===== Materials provided =====
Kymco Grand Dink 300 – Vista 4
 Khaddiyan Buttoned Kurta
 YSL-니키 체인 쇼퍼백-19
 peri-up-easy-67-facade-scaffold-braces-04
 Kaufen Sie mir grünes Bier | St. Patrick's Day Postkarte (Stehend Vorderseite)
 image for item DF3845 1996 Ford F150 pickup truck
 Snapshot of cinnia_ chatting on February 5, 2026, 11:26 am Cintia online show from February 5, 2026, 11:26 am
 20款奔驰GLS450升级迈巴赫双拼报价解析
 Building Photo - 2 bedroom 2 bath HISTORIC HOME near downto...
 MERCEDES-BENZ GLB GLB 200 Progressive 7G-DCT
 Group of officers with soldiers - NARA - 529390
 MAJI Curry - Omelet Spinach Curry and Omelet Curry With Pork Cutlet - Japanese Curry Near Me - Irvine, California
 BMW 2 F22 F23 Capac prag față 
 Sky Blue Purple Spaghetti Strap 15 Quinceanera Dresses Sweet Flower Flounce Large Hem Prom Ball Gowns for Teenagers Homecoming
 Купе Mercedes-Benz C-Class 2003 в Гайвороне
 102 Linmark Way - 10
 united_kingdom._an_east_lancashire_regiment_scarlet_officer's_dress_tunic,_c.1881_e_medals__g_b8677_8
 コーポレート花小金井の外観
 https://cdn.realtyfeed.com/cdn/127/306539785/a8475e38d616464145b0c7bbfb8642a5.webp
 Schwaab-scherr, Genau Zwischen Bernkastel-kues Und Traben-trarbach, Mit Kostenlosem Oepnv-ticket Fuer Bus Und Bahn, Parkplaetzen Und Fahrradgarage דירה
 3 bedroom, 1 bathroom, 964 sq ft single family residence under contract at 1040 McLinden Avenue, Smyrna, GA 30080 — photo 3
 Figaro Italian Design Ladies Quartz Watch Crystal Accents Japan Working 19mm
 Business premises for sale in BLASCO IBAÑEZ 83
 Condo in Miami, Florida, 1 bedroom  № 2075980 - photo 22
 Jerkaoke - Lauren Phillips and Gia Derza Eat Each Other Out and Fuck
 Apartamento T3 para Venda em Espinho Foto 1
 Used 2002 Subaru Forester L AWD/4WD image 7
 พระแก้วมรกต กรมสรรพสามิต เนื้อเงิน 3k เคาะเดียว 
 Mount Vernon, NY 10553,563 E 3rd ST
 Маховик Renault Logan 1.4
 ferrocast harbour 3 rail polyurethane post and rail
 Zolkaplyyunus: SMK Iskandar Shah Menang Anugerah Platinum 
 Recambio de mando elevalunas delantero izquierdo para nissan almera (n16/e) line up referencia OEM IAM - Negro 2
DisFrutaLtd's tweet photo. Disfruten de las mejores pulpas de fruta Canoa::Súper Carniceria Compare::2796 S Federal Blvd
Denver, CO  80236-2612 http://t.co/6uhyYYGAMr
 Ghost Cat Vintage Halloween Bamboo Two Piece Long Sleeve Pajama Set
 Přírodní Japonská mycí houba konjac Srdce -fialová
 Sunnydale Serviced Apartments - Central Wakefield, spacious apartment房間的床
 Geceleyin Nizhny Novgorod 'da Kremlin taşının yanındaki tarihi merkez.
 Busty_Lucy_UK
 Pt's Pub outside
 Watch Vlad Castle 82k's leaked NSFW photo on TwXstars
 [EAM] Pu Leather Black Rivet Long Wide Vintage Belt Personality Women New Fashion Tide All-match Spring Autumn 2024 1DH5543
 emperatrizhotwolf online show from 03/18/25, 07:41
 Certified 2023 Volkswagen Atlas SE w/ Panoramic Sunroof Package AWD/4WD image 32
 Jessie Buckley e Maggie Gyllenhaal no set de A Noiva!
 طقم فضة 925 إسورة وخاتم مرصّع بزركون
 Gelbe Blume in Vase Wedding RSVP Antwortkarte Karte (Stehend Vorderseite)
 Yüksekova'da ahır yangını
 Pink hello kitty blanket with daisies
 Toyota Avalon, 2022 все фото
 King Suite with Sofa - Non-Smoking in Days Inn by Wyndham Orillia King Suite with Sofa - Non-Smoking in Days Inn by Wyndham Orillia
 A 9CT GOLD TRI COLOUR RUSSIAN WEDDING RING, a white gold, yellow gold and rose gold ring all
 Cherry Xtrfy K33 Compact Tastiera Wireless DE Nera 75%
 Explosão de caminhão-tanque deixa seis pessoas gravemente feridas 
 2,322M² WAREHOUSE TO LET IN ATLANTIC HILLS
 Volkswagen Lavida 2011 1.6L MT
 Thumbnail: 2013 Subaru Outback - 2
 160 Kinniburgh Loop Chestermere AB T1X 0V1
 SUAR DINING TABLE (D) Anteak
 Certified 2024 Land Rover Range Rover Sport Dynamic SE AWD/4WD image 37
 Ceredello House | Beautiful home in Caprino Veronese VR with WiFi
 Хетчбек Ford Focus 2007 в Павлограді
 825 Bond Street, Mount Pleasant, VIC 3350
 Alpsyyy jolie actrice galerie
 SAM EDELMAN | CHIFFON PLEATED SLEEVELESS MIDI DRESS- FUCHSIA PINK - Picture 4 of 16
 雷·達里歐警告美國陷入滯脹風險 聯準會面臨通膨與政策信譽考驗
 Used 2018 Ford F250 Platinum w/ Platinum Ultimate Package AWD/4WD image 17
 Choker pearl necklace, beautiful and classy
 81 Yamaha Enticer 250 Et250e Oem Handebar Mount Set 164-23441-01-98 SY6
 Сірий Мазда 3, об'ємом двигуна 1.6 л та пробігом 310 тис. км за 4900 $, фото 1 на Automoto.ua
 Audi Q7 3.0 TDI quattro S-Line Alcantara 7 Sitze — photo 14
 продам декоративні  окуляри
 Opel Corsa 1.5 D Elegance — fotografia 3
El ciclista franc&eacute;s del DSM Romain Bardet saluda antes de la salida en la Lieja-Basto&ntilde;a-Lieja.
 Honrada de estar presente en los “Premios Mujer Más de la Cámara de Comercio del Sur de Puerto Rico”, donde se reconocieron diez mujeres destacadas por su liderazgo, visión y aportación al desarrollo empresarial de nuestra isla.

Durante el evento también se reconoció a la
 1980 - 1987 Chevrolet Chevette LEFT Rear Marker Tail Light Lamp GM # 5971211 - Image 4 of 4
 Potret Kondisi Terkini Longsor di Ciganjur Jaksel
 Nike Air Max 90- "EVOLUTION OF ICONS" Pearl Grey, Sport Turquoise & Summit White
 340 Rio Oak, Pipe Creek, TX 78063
=====
--- Work required ---
In the listing above, please print only the lines from the first one to the line where "Figaro Italian Design" appears, exactly as written, both of those lines included.

--- Written solution ---
Kymco Grand Dink 300 – Vista 4
 Khaddiyan Buttoned Kurta
 YSL-니키 체인 쇼퍼백-19
 peri-up-easy-67-facade-scaffold-braces-04
 Kaufen Sie mir grünes Bier | St. Patrick's Day Postkarte (Stehend Vorderseite)
 image for item DF3845 1996 Ford F150 pickup truck
 Snapshot of cinnia_ chatting on February 5, 2026, 11:26 am Cintia online show from February 5, 2026, 11:26 am
 20款奔驰GLS450升级迈巴赫双拼报价解析
 Building Photo - 2 bedroom 2 bath HISTORIC HOME near downto...
 MERCEDES-BENZ GLB GLB 200 Progressive 7G-DCT
 Group of officers with soldiers - NARA - 529390
 MAJI Curry - Omelet Spinach Curry and Omelet Curry With Pork Cutlet - Japanese Curry Near Me - Irvine, California
 BMW 2 F22 F23 Capac prag față 
 Sky Blue Purple Spaghetti Strap 15 Quinceanera Dresses Sweet Flower Flounce Large Hem Prom Ball Gowns for Teenagers Homecoming
 Купе Mercedes-Benz C-Class 2003 в Гайвороне
 102 Linmark Way - 10
 united_kingdom._an_east_lancashire_regiment_scarlet_officer's_dress_tunic,_c.1881_e_medals__g_b8677_8
 コーポレート花小金井の外観
 https://cdn.realtyfeed.com/cdn/127/306539785/a8475e38d616464145b0c7bbfb8642a5.webp
 Schwaab-scherr, Genau Zwischen Bernkastel-kues Und Traben-trarbach, Mit Kostenlosem Oepnv-ticket Fuer Bus Und Bahn, Parkplaetzen Und Fahrradgarage דירה
 3 bedroom, 1 bathroom, 964 sq ft single family residence under contract at 1040 McLinden Avenue, Smyrna, GA 30080 — photo 3
 Figaro Italian Design Ladies Quartz Watch Crystal Accents Japan Working 19mm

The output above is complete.